Short descriptive text snippets:
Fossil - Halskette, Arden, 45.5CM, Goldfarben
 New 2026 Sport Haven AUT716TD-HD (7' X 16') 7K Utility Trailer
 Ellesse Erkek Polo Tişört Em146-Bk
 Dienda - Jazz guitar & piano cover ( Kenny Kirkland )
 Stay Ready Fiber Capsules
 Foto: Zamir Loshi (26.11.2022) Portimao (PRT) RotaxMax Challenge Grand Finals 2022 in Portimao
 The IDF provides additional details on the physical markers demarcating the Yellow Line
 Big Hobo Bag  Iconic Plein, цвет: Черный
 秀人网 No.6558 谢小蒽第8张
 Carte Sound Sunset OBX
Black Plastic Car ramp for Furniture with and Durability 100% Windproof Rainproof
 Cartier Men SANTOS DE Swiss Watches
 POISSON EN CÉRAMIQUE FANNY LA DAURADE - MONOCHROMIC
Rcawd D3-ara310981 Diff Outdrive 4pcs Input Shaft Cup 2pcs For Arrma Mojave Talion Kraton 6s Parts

What is being asked:
Transcribe every record above exactly as written.

Exercise answer:
Fossil - Halskette, Arden, 45.5CM, Goldfarben
 New 2026 Sport Haven AUT716TD-HD (7' X 16') 7K Utility Trailer
 Ellesse Erkek Polo Tişört Em146-Bk
 Dienda - Jazz guitar & piano cover ( Kenny Kirkland )
 Stay Ready Fiber Capsules
 Foto: Zamir Loshi (26.11.2022) Portimao (PRT) RotaxMax Challenge Grand Finals 2022 in Portimao
 The IDF provides additional details on the physical markers demarcating the Yellow Line
 Big Hobo Bag  Iconic Plein, цвет: Черный
 秀人网 No.6558 谢小蒽第8张
 Carte Sound Sunset OBX
Black Plastic Car ramp for Furniture with and Durability 100% Windproof Rainproof
 Cartier Men SANTOS DE Swiss Watches
 POISSON EN CÉRAMIQUE FANNY LA DAURADE - MONOCHROMIC
Rcawd D3-ara310981 Diff Outdrive 4pcs Input Shaft Cup 2pcs For Arrma Mojave Talion Kraton 6s Parts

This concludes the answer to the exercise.